The occurrence and development of events by chance in a happy or beneficial way.
“a fortunate stroke of serendipity”
Which brings me to this weekend and the series of fortunate events that happened in such a short space of time. I cried tears of happiness for the first time in years and delved deeply into the soul of some really beautiful people. made relationships that will last a life time and learnt lessons about my mind i didn’t know existed.
I learnt how to dream again. I realised i had forgotten my creative side. I use to be so imaginative this weekend brought all that back to me. I felt like the Cheshire Cat laughing to levels i didn’t even know existed. i was queen of my castle.
Some days my mind can loose its self and its not a bad thing im coming to terms with my mood swings and taking a handle on them one emotion at a time. The Thing is there is no rush i am who i am and i will always be her i cant change that but i can learn to live with myself and not hate who i am. its not something that comes easy and its certainly an adventure and who knows what tomorrow might bring.

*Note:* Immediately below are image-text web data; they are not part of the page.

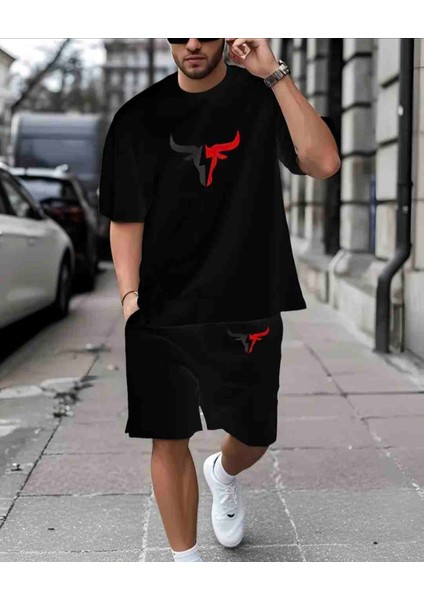 Boğa Baskılı Özel Tasarım Oversize Tshirt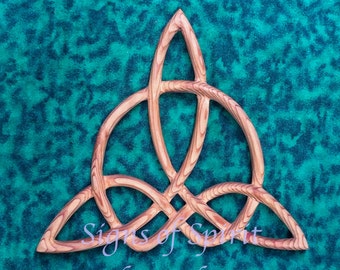 Hand Carved Cedar Celtic Knot: Harmony Triquetra Wall Hanging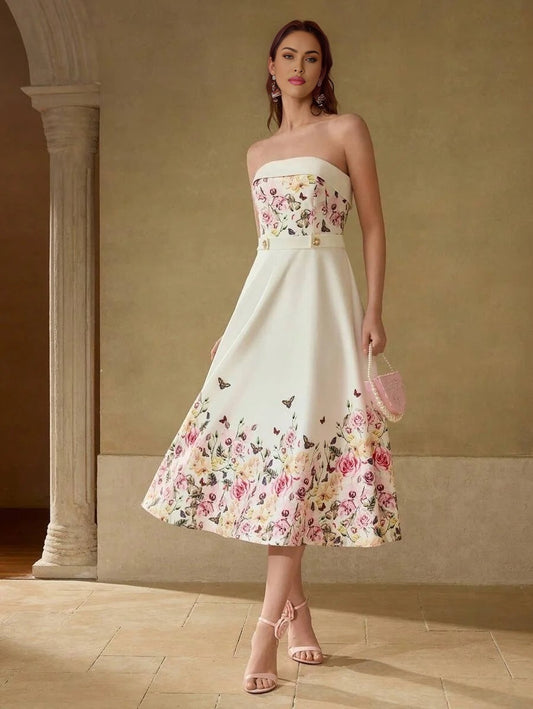 PREMIUM BUTTERFLY AND FLORAL PRINT FOLDOVER TUBE COCKTAIL DRESS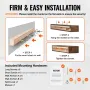 Pejs mantel træ hylde flydende rustik mantel hylde 60 "naturlig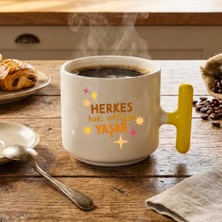 Finka Dekor Herkes Hakettiğini Yaşar Baskılı-Sarı T Hediyelik Seramik Kupa Bardak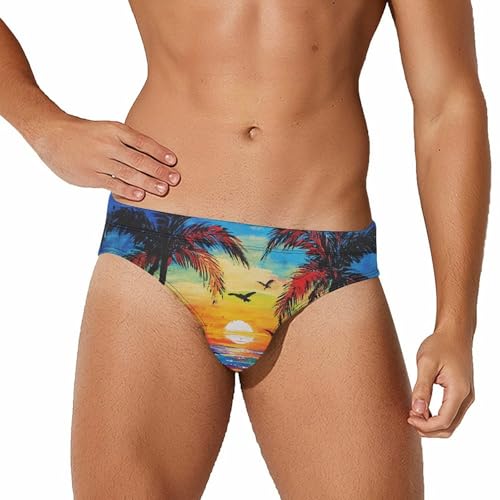 Beach Sunset Palm Trees Men's Swimwear Trunks Swimsuit Briefs Boxers Underwear Low Waist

The highs to my personality disorder can be positive and im making them that one lesson at a time. Somebody once said to me Your only as high as your imagination can take you. I just need to Believe in myself some more.
My Monday although i felt hungover and shit. I Genuinely feel like i am radiating positivity and i intend to spread this positivity! So no matter what your going through try to imagine something beautiful and create a place that makes you happy even if its only for a short while. Dream Big no matter whats holding you down.